Available data

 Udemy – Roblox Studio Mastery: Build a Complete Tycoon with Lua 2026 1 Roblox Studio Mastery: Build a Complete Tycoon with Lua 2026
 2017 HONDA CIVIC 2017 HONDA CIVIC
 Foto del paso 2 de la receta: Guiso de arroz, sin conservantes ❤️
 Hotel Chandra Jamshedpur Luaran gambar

---

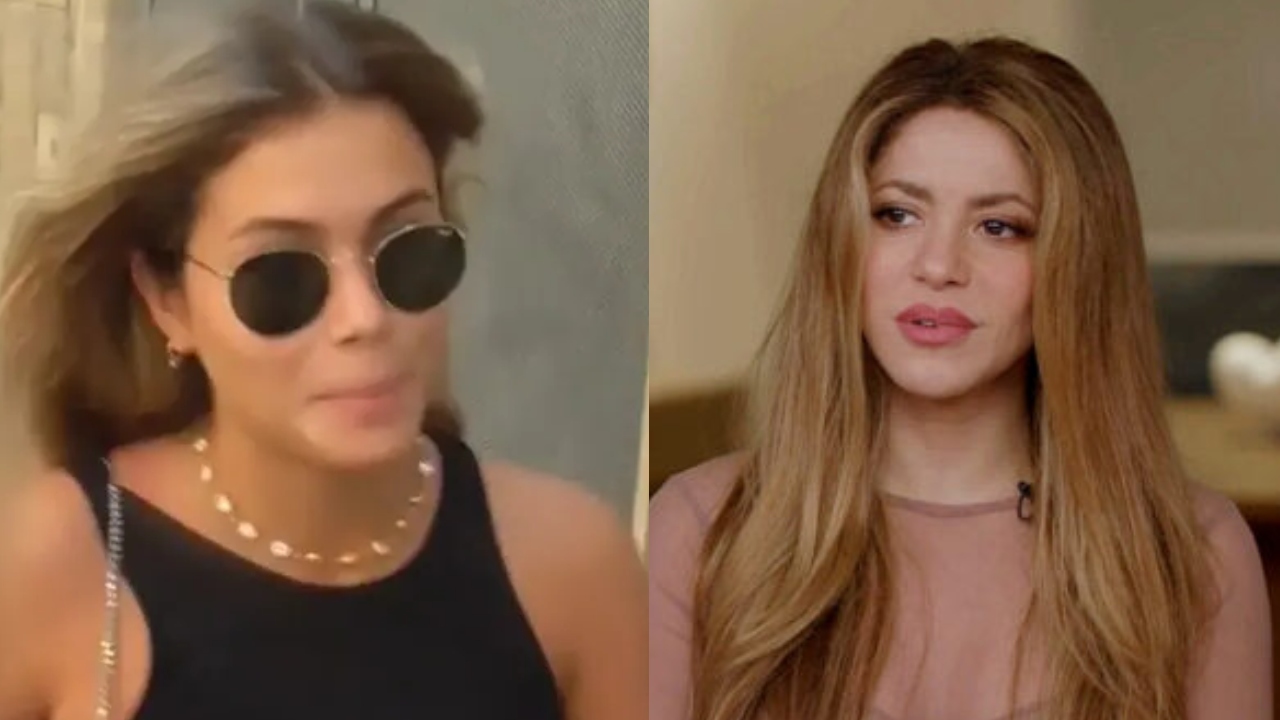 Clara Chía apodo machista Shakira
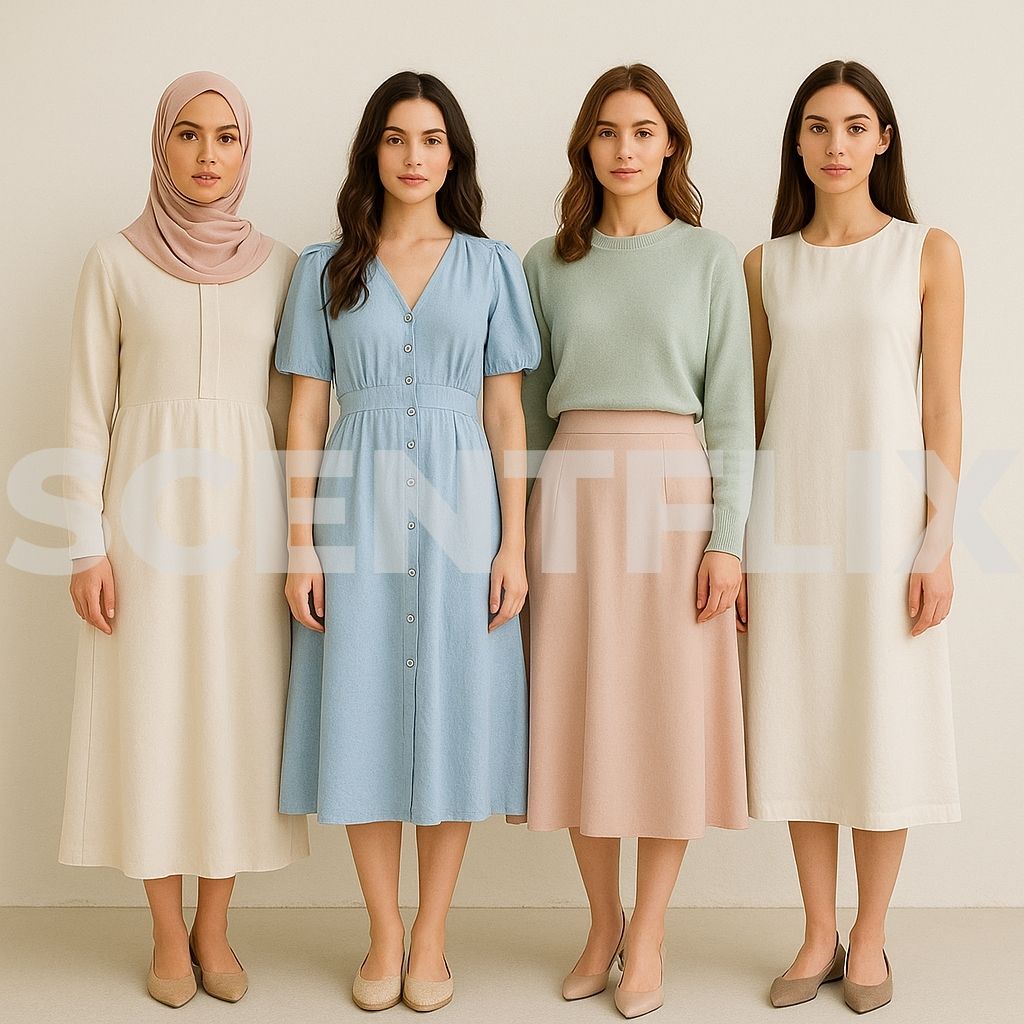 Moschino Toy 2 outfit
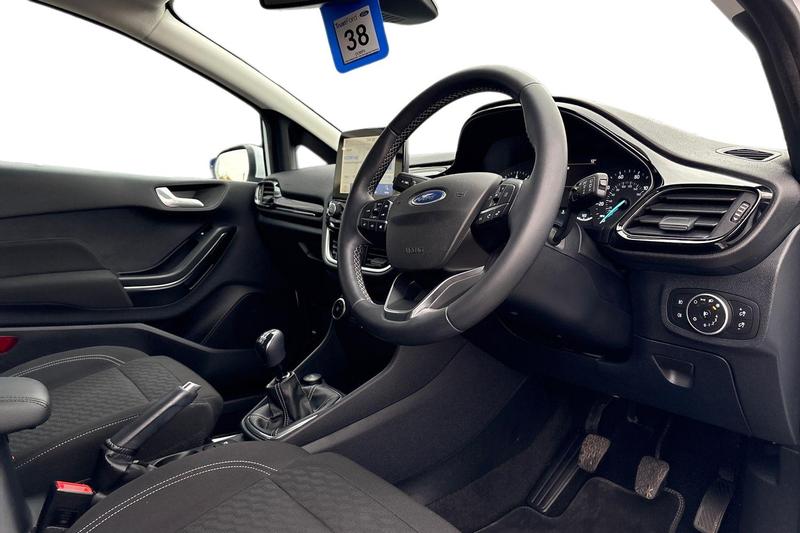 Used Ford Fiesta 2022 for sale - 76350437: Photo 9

--

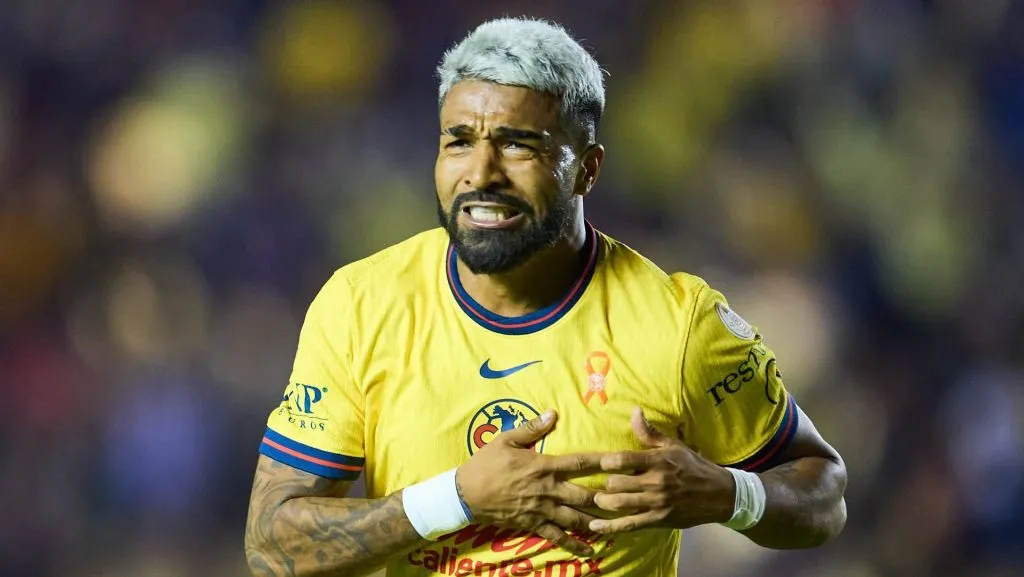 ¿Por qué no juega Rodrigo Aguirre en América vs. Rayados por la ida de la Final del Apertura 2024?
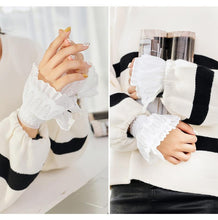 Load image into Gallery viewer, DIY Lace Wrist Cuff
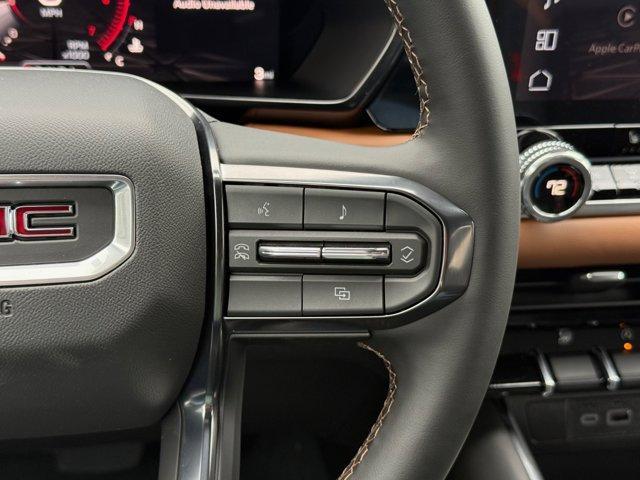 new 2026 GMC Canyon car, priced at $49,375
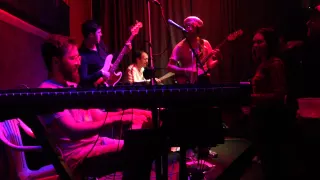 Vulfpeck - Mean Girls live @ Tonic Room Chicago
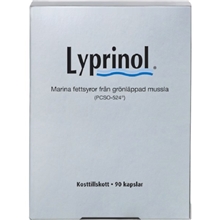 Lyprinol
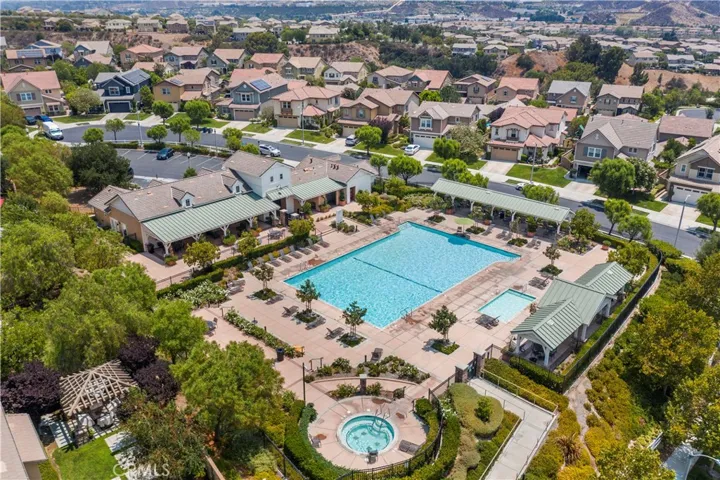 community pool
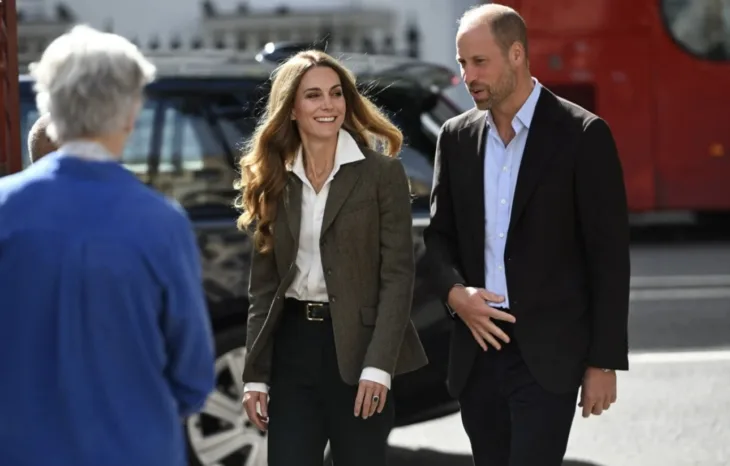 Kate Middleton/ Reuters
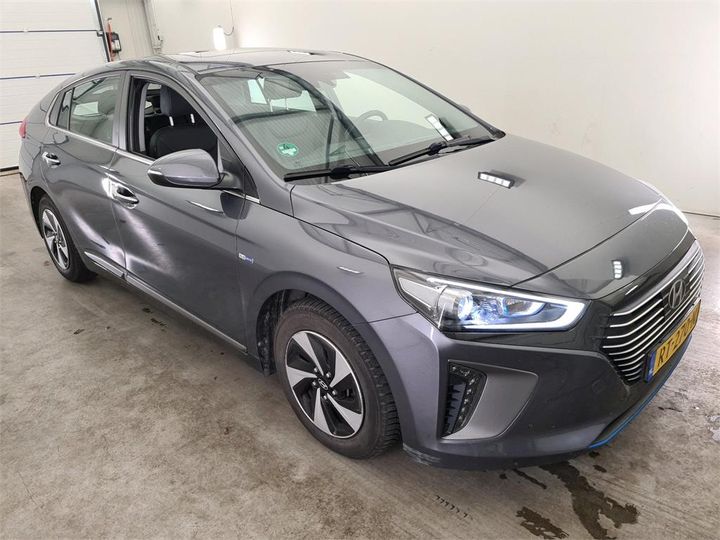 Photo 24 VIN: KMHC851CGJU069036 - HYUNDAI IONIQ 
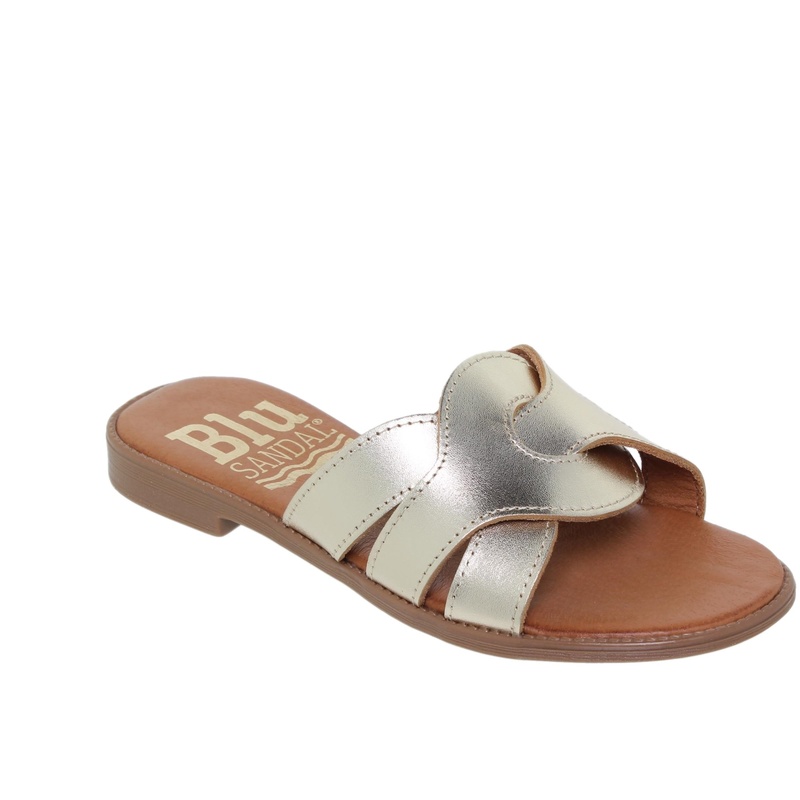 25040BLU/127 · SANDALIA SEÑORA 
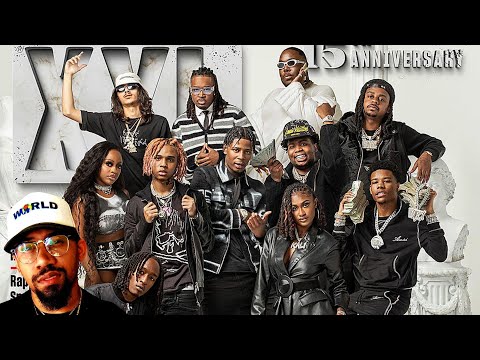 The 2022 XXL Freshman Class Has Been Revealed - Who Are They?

Task requirements
Given the listing above, retype only the span of lines from the line with "community pool" up to and including the line with "The 2022 XXL", exactly as it stands and without pictures.

Final answer
 community pool
 Kate Middleton/ Reuters
 Photo 24 VIN: KMHC851CGJU069036 - HYUNDAI IONIQ 
 25040BLU/127 · SANDALIA SEÑORA 
 The 2022 XXL Freshman Class Has Been Revealed - Who Are They?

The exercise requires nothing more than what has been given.